Oddly enough a pretty large proportion of professional practices operate under those principles or pretty close to them.  And there are more that pretend to operate that way even though they are actually dictatorships of greater or lesser benevolence in the grip of sociopathic managing partners, who have no patience with democratic process.

So What’s The Tax Break For Cooperatives?

Unlike other corporations “corporations operating on a cooperative basis” can deduct some dividends. That would be patronage dividends.  I’m not going to get into the fine points.  A very oversimplified explanation is that dividends paid based on the participation of members in the enterprise of the profits attributable to member participation are deductible.

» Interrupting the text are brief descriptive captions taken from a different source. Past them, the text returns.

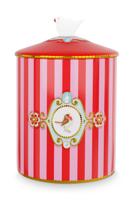 Pip Studio Love Birds Voorraadpot Rood/Roze - thumbnail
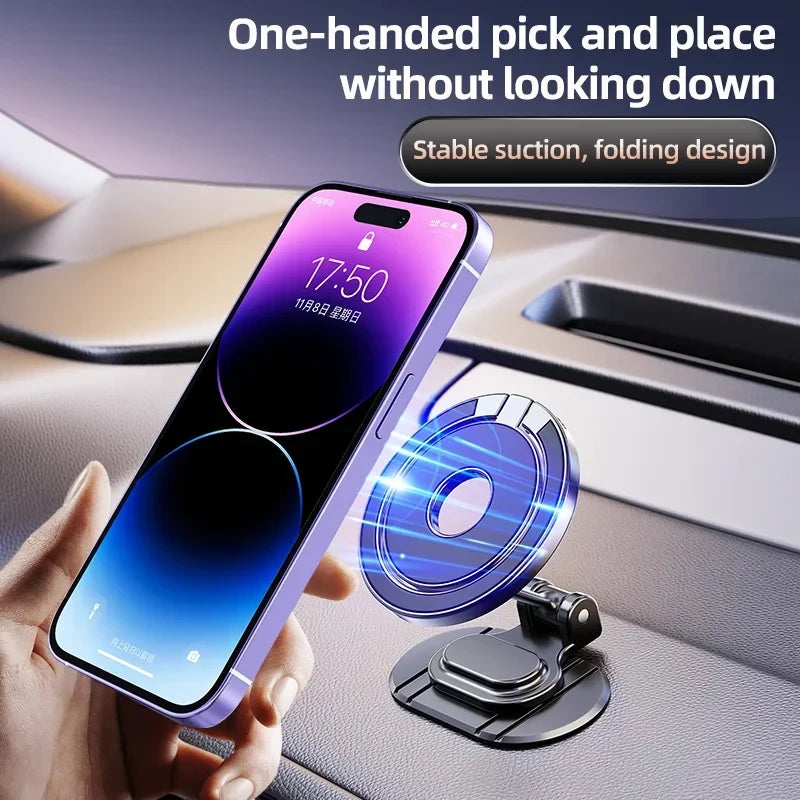 2024 New Magnetic Car Phone Holder Stand 720 Rotation Magnet Smart Phone Bracket For iPhone 15 14 13 12 Pro Max Samsung Xiaomi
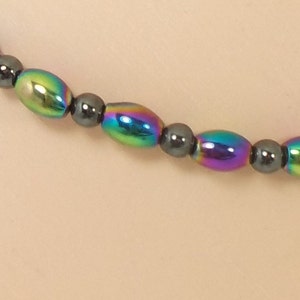 Rainbow Hematite Cube Beads - 3mm Titanium Coated Unique Beads for Jewelry  Making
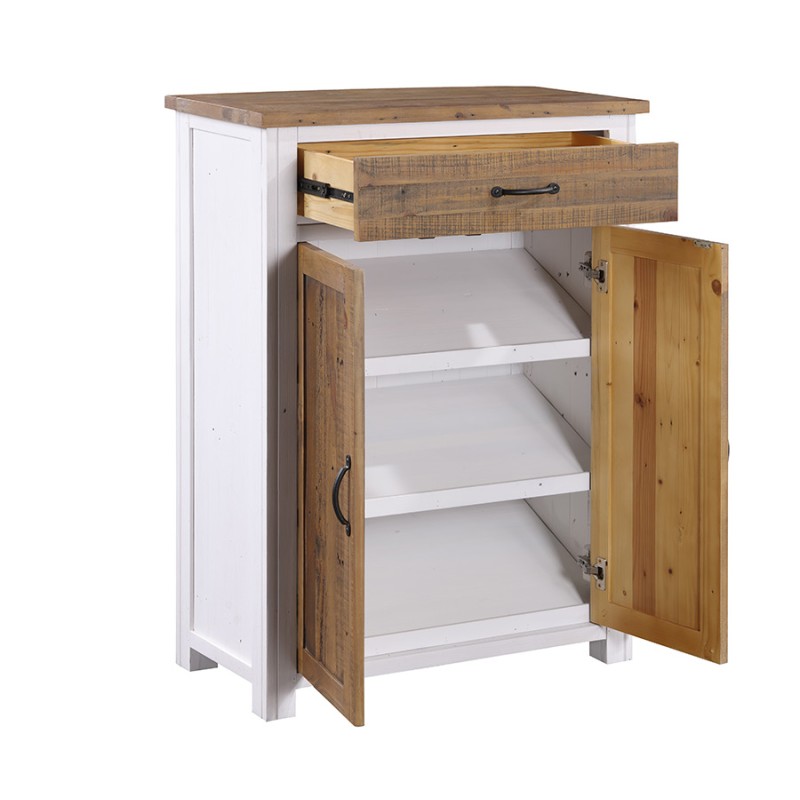 Splash of White - Shoe Storage Cupboard With Drawer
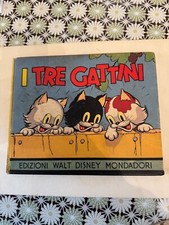 I TRE GATTINI ED.1937 - LIBRO DISNEY ANTEGUERRA - ORIGINALE -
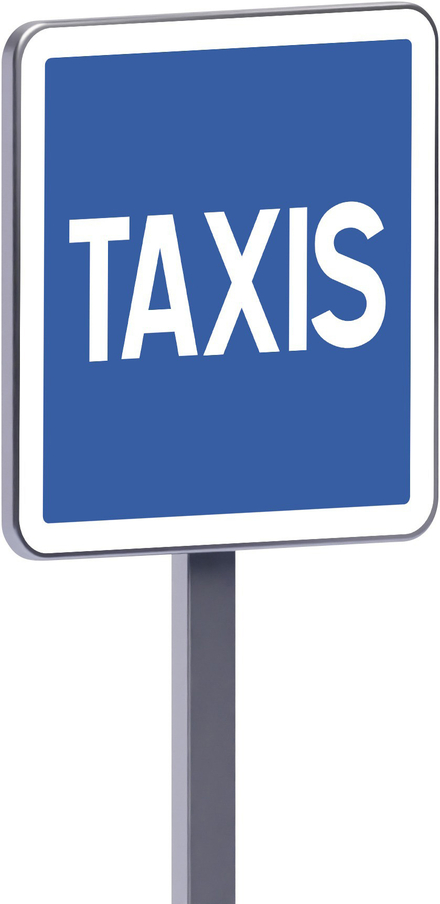 Panneau permanent C5 700x700 c2 station de taxis TALIAPLAST - 528255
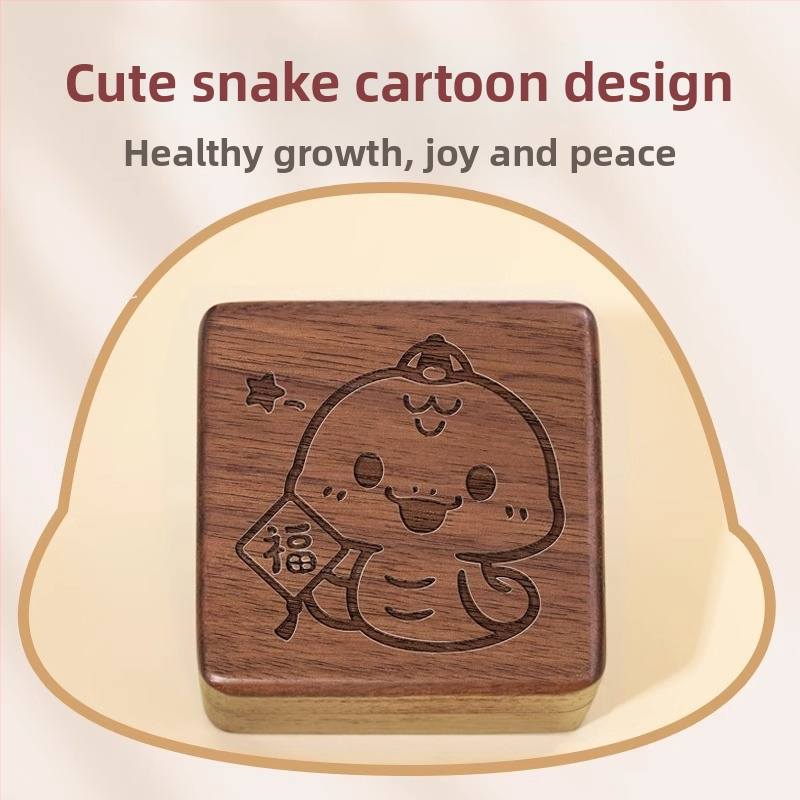 Drvena kutija za uspomene djeteta – pohranjivanje pupčane vrpce, očuvanje dlake ploda i mliječnih zuba, pogodna za novorođenčad do 3 godine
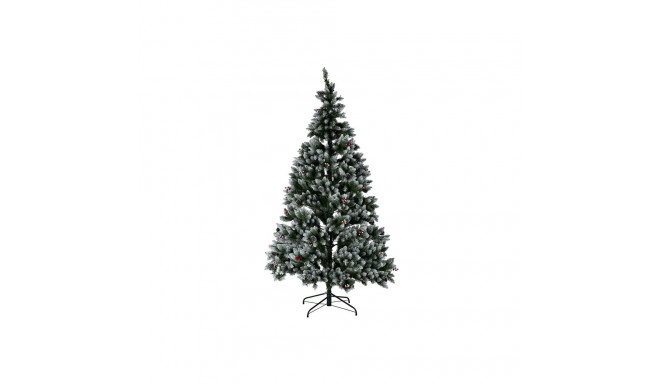 Christmas Tree DKD Home Decor White Red Green PVC Pineapples Snowfall 125 x 125 x 210 cm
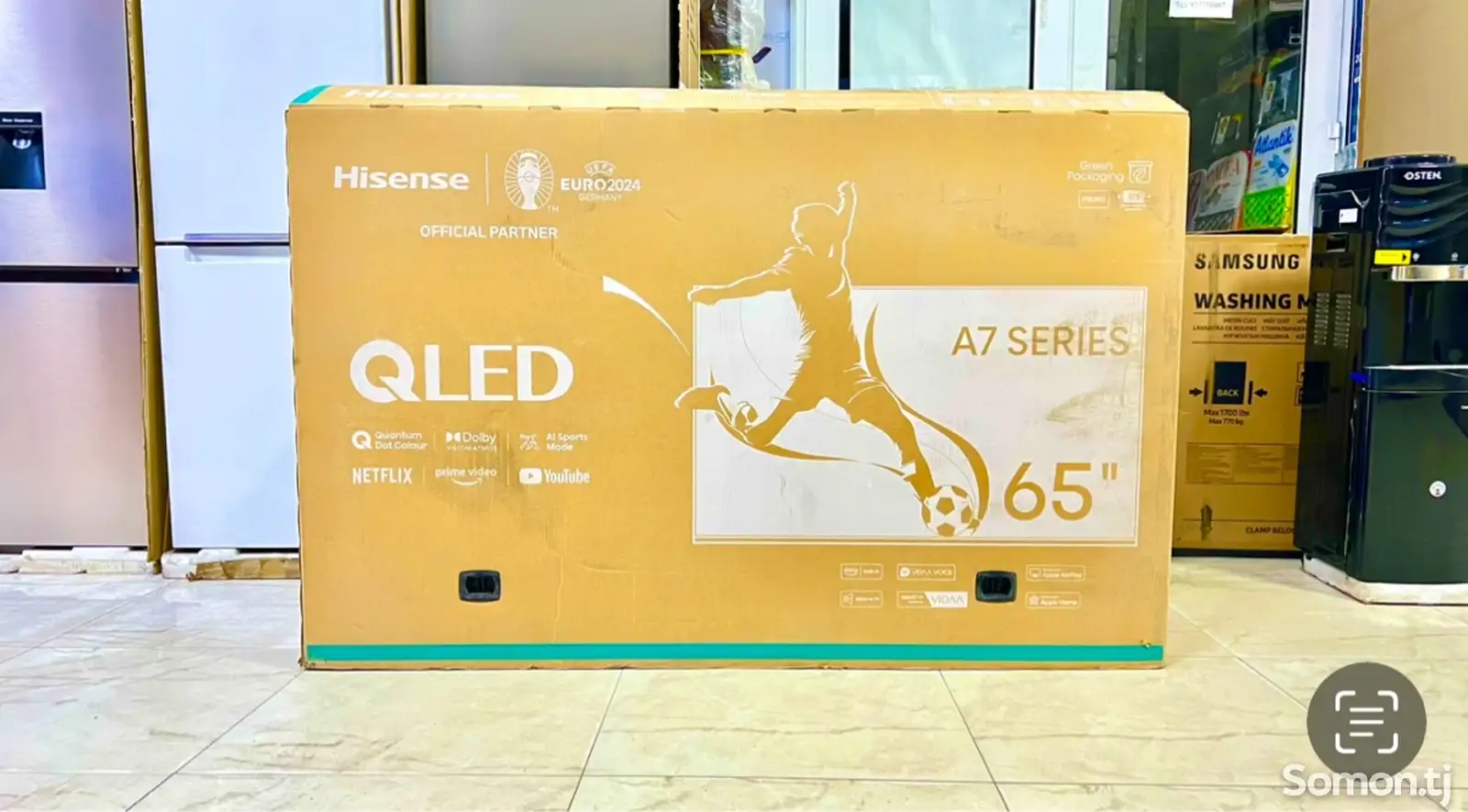 Телевизор Hisense 65 VADAA 4k QLED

So a food cooperative might pay a dividend based on how much a patron spent at the coop.  An agricultural cooperative will pay based on how much grain the farmer sold through the cooperative.  And a worker cooperative will pay based on the work done by the member.  Profits attributable to non-members cannot be the basis of deductible patronage dividends, but for the rest of the discussion, I will ignore that and other complications such as per-unit-retains.

How Are Patronage Dividends Taxed?

Patronage dividends, being deductible, do not come out of earnings and profits, so they are taxed as ordinary income.  Dividends from producer cooperatives will, for an individual, be part of business income and subject to self-employment tax.  Dividends from a food coop will generally not be taxable, since they are, in effect, a kind of rebate of personal expenditures.  And dividends from worker-owned cooperatives?  Well, that’s a little bit of a long story, so first I will introduce my experts.

Advisers To Cooperatives

Sarah Kaplan felt called to help cooperatives.  When she was thirteen, she decided, on moral grounds, to become a vegetarian.  While attending Princeton, she got her vegetarian food from the 2d Co-0p.  She was fascinated by the governance, which influenced her to make cooperatives part of her law practice.  She spent some time as a bicycle mechanic after Princeton and before starting law school.  She helped me a bit with background on the movement.  Ms. Kaplan is affiliated with Cutting Edge Counsel – Legal Strategies For a New Economy

Gregory Wilson seems to have more or less fallen into the cooperative field.  He is a pretty conventional tax attorney. He represented some people who were being audited on the issue of whether worker patronage dividends are subject to self-employment tax.  That led to an audit of the substantial co-op (100 or so members) that they belonged to asserting that co-op dividends are wages subject to payroll taxes.  He has written on the subject.  Mr. Wilson may well be the leading expert in the field of taxation of worker cooperative patronage dividends.

David Hammer is the executive director of The ICA Group, a not for profit with a mission to:

expand economic opportunity and self-determination by supporting initiatives that empower workers, build community assets, and root capital locally through employee ownership

Tax Advantages Of Running As A Worker Cooperative

Up till now, there have been two major tax advantages of running as a worker cooperative.  One, which is probably not that meaningful to cooperatives with workers living paycheck to paycheck, is deferral.  The deductible patronage dividends can be paid up to eight and a half months after the end of the corporate year.  Back in the day, when money earned interest, we used to get real excited about kicking the can down the road for a year.  Not so much anymore, but still it is something.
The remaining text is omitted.